Alcuni di loro hanno deciso di partire senza portare nulla, andando a piedi verso il confine, dove a nuoto attraverseranno un lago, nella speranza che poi ad attenderli non vi siano lacrimogeni e idranti, come invece è stato per i loro compagni in queste ore. Sono ragazzi, famiglie con bambini piccoli, altri con neonati in braccio, alcuni nei passeggini. C’è una madre, in mano tiene alcune buste piene di oggetti, con l’altra tiene in braccio la bambina, che penzola, quasi fosse parte dei bagagli. Mi chiedo cosa spinga una madre a mettere a rischio i figli così piccoli per una traversata così pericolosa. Qualcuno, soprattutto tra i più giovani, dice: “Me ne vado perché qui non c’è lavoro. Siamo diventati troppi negli ultimi anni, vado in Europa per cercare un futuro migliore”.

Ali dice: “Sono qui da tanti anni, non sono riuscito a costruire nulla. Non ho finito l’università, non sono riuscito a trovare un lavoro. Voglio provare a fare qualcosa in Europa, magari in Germania”. Muhammad è invece stufo di sentirsi dire dai turchi “i nostri soldati stanno combattendo e perdendo la vita in Siria. Perché tu non vai a salvare il tuo Paese?”. È stufo perché “noi non gli abbiamo detto di salvare la Siria, loro sono lì per badare ai propri interessi ai confini!”. Come lui, ci sono altri che stanno partendo alla ricerca di qualcos’altro in Europa. “Sto andando in Grecia inshallah”, “Vivo da quattro anni in Turchia, sono di Idlib. La Turchia ha quattro milioni di siriani, perché un milione non lo prende l’Europa? Qui in Turchia ho lavorato in un alimentari siriano, in una fabbrica, come muratore. Ho fatto di tutto, ma adesso qui non ci sono più possibilità. Siamo troppi. Bisogna andare via” dice Abdullah. Sono circa 75.000 a tentare la fortuna, non solo siriani, “non so se riusciremo a farcela” dice Enis, “qualsiasi cosa succeda, qualsiasi cosa decida Allah, io voglio andare in Europa, non importa dove ma voglio andare in Europa” risponde Yazaan che gli è vicino”.

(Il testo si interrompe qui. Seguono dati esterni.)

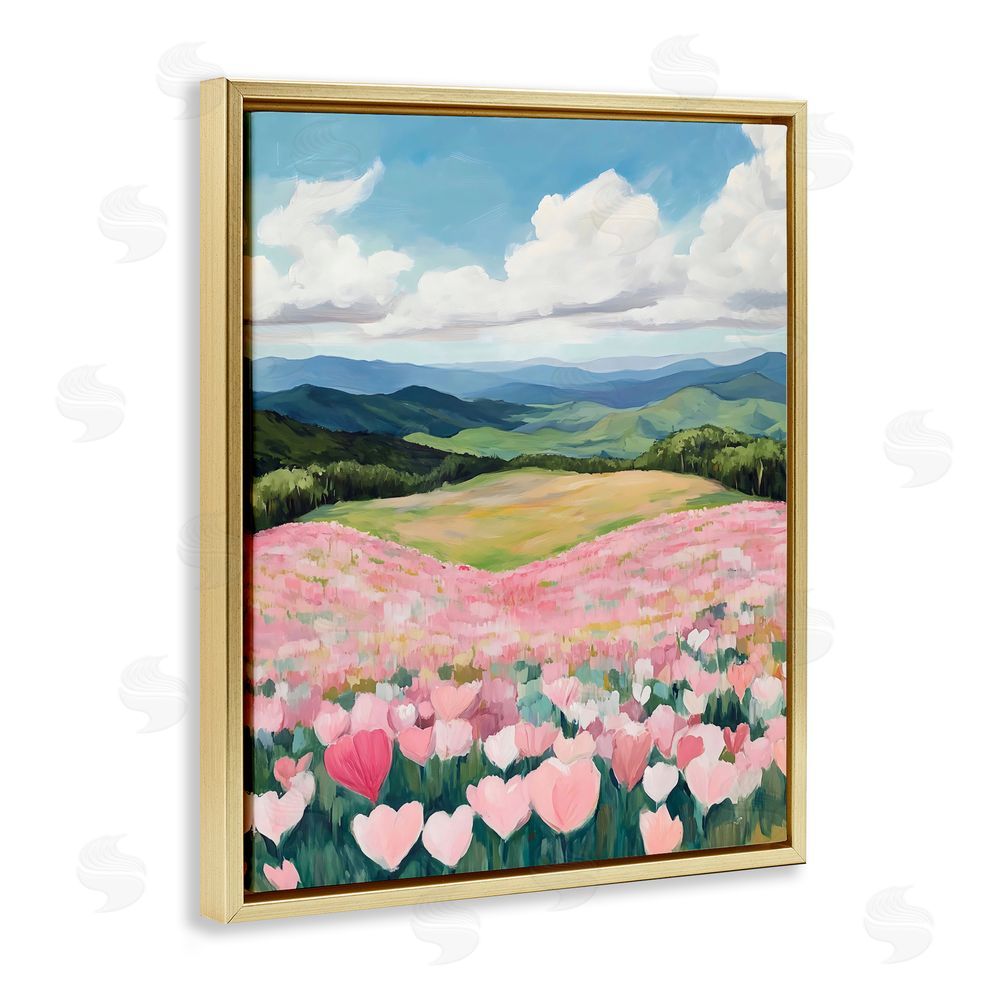The Prints Vibe Blush Pink Poppy Field Gold Floating Frame Stretched Canvas Wall Art Print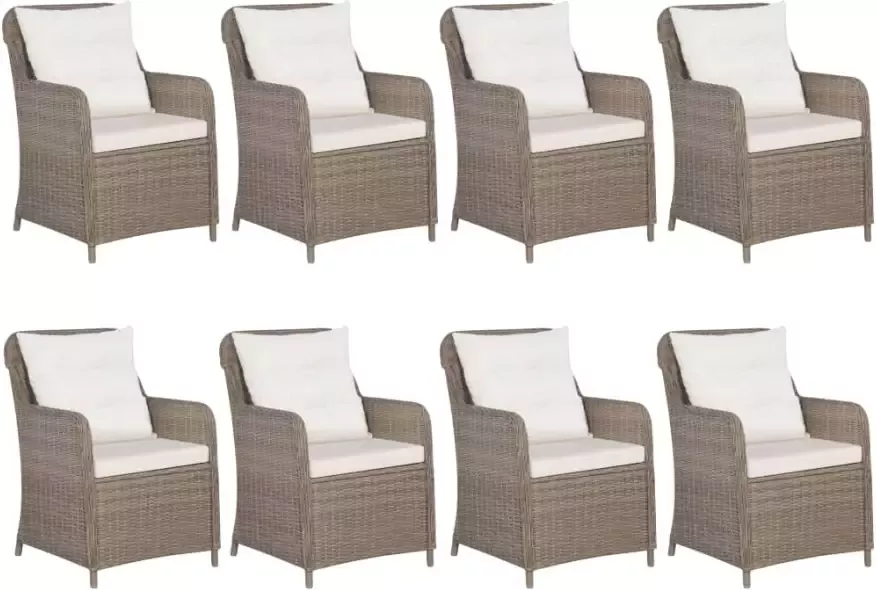 VidaXL 9-delige Tuinset poly rattan bruin - Foto 3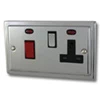 45 Amp Double Pole Switch with 13 Amp Socket - Black Trim
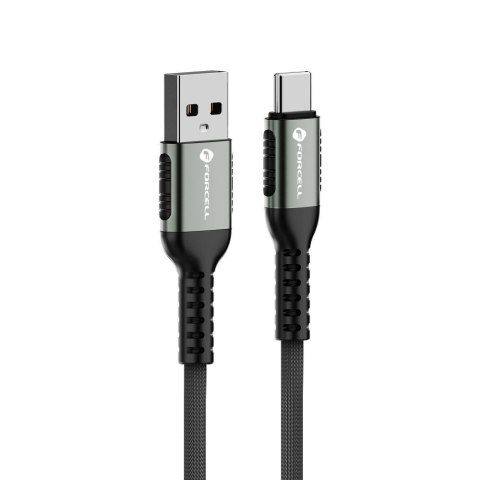 Kabel USB A do USB C Forcell F-Energy QC4.0 3A 66W Cafule 2 m C256 czarny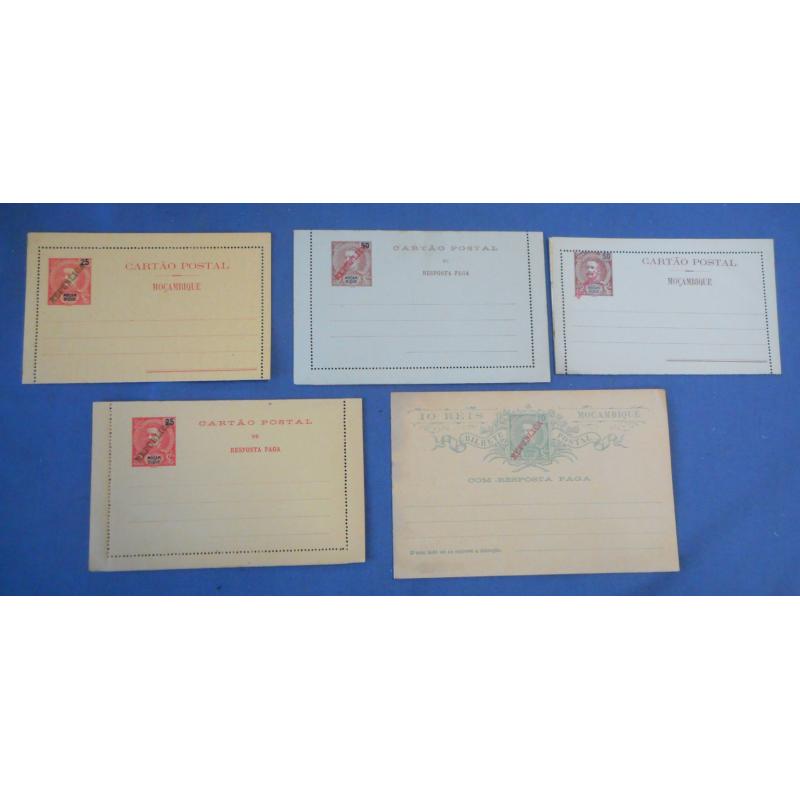 (BB1356) PORTUGAL · Mozambique - all different range of five early postal stationery items - lettercard panels are stuck together o/wise condition is excellent to fine (5)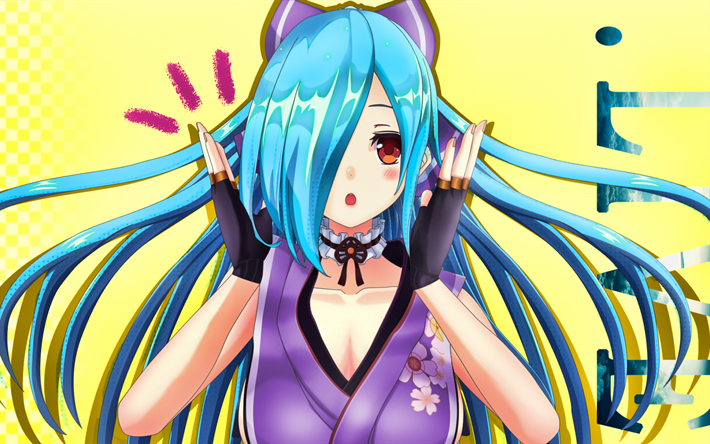 Iori Yamato, menina com o cabelo azul, kimono, Virtual YouTuber, VTuber, Iori Yamato canal, &#205;dolo do Clube ofLive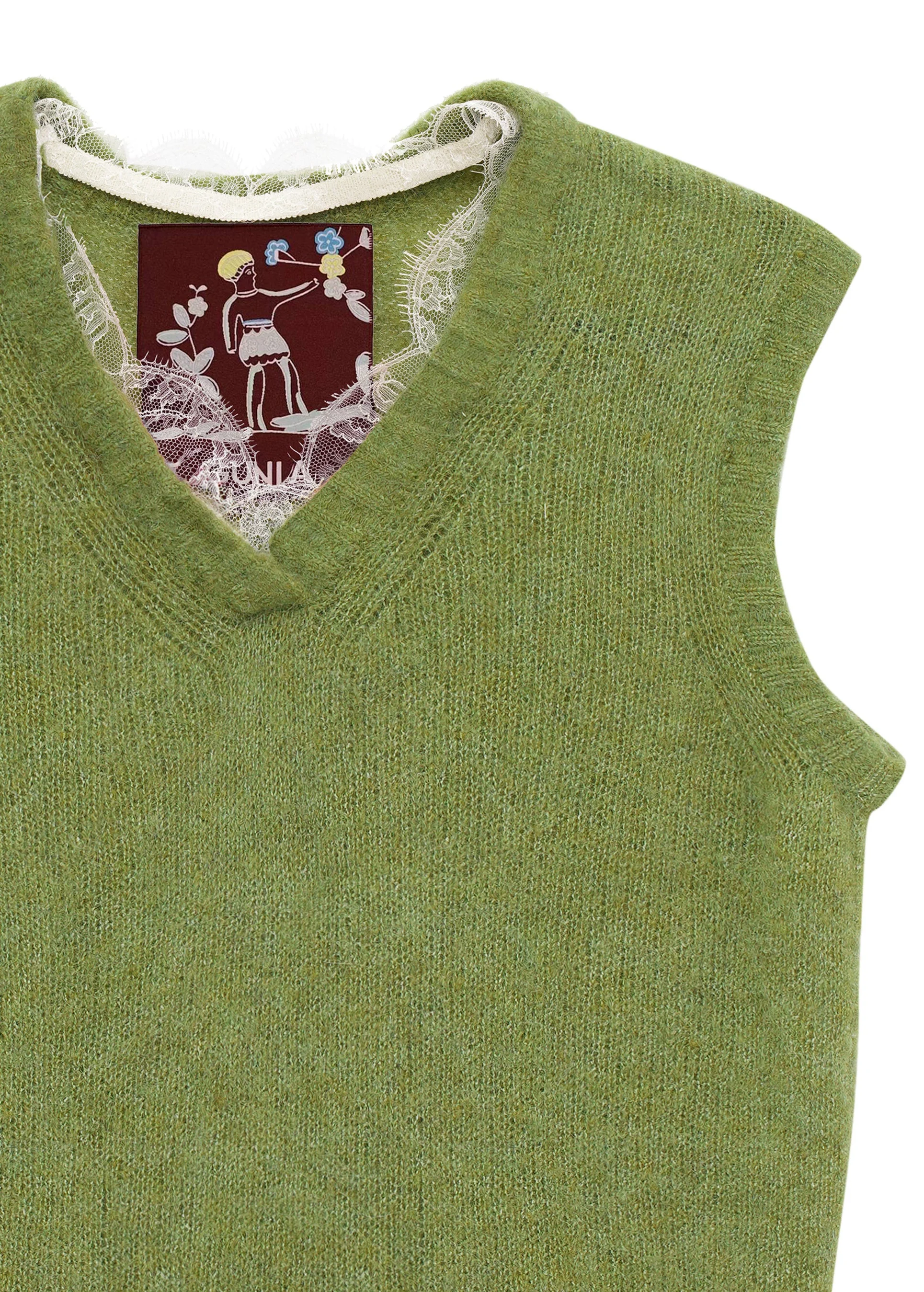 Lace-trimmed Vest in Green - Image 3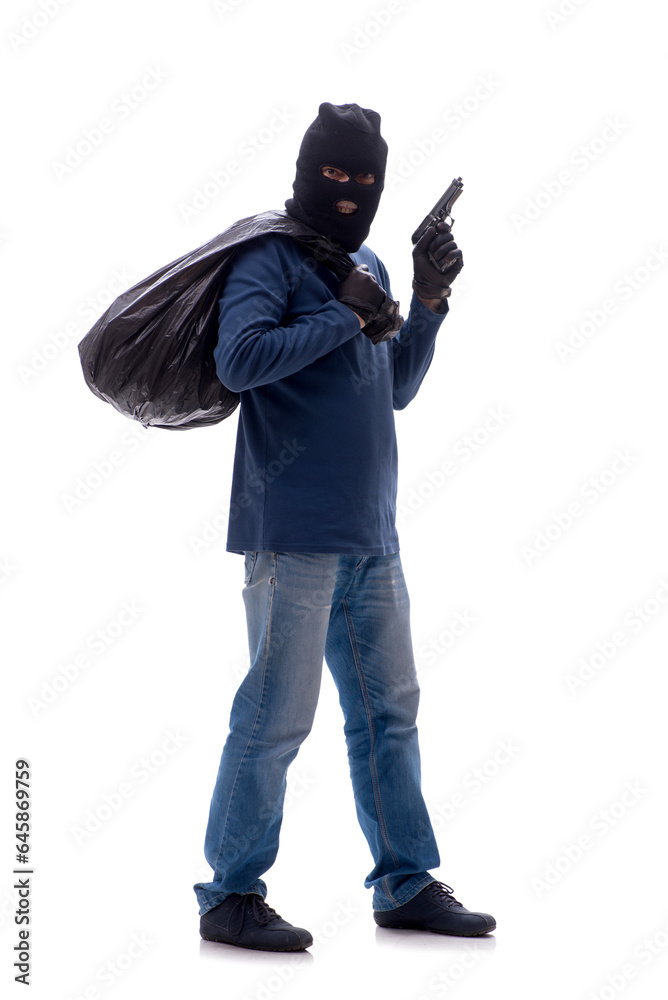 Young male burglar stealing money isolated on white Young male burglar stealing money isolated on white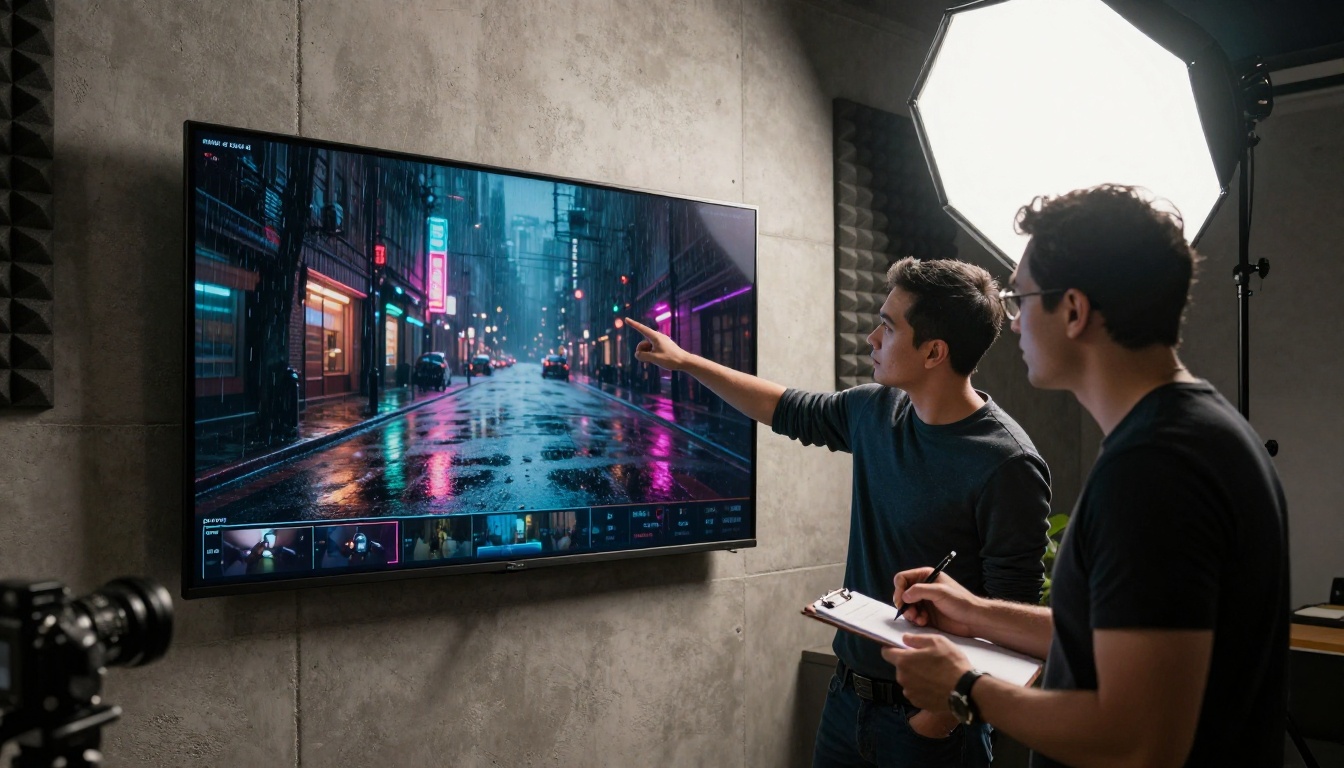 Two creative professionals in production studio reviewing AI-generated video on wall-mounted monitor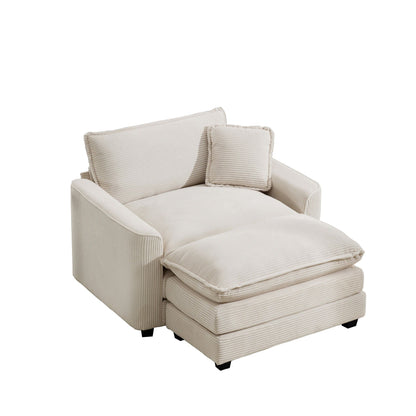 Classic Modern Deep Seat Chair and Footstool Set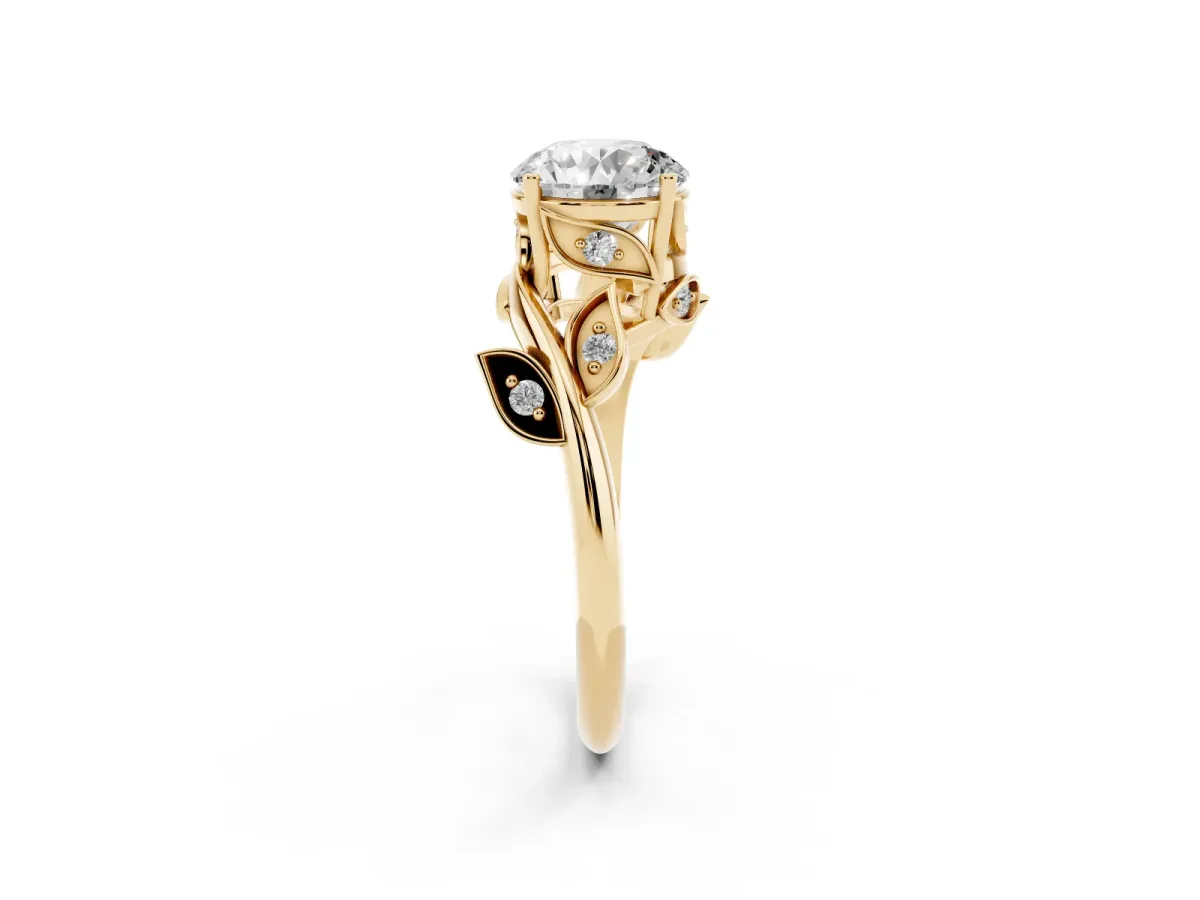 Round Cut Solitaire Twist Engagement Ring with Leaf Accents and Prong Setting Yellow gold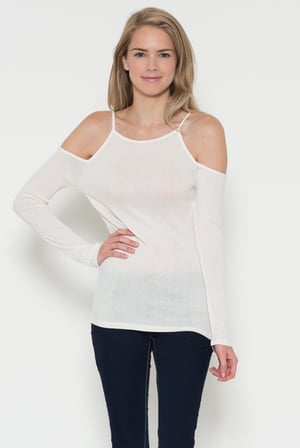 Image of Cold Shoulder Rib Top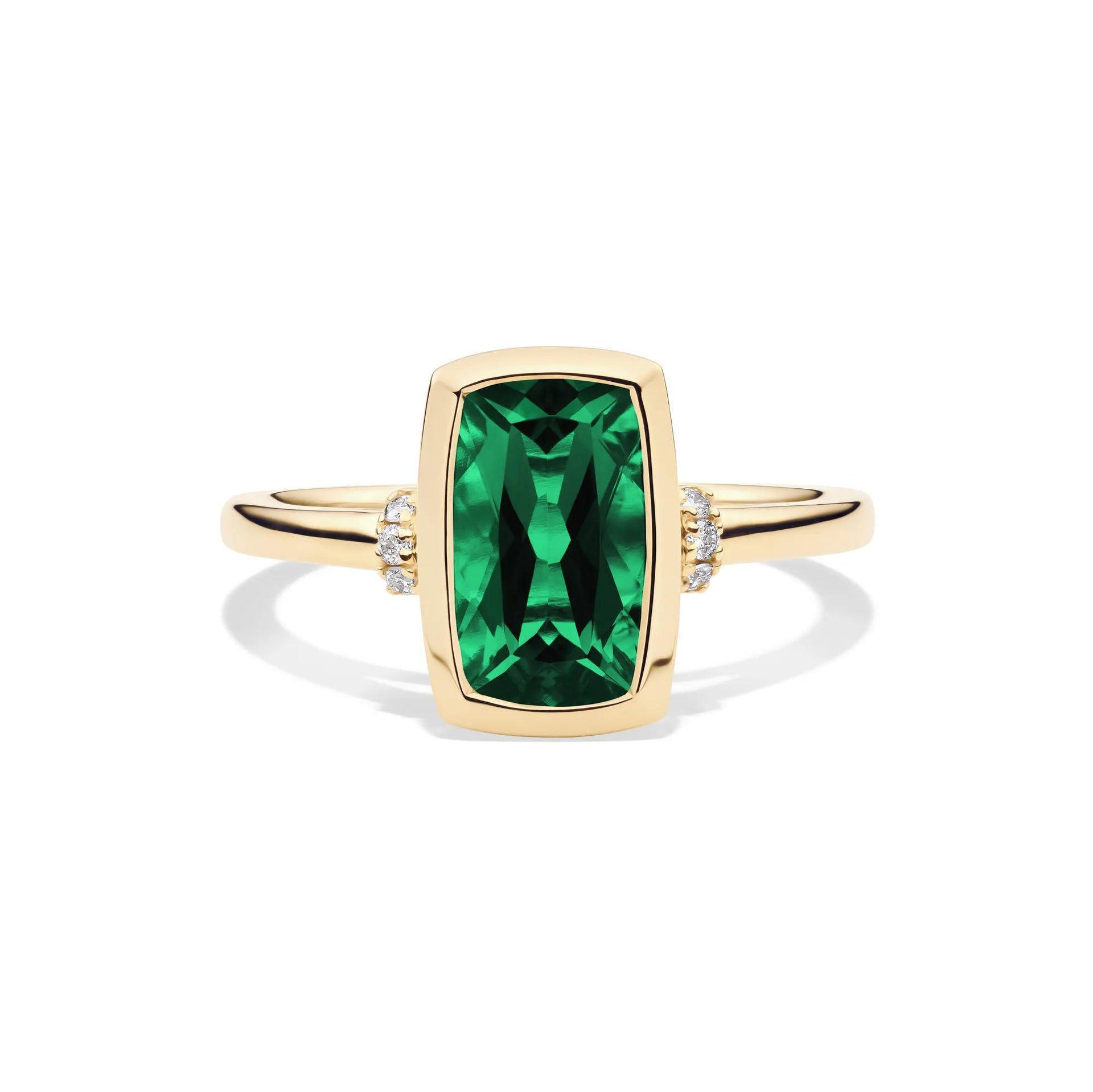 Lab-Created Emerald and Diamond Accent Ring 10K Yellow Gold Round Brilliant Cut Size 5 1mm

Ad oggi, 15 marzo 2020, sono circa 150mila i rifugiati che hanno tentato di varcare il confine europeo. È impossibile dire quanti di questi sono siriani. Tutti loro hanno affrontato lacrimogeni, idranti, poliziotti che hanno buttato nel fiume le loro cose, ma hanno anche incontrato chi ha cercato di aiutarli, ambulanze che li hanno soccorsi

[1] Un’espressione turca che può essere tradotta come “ti offriamo a Dio perché si prenda cura di te”.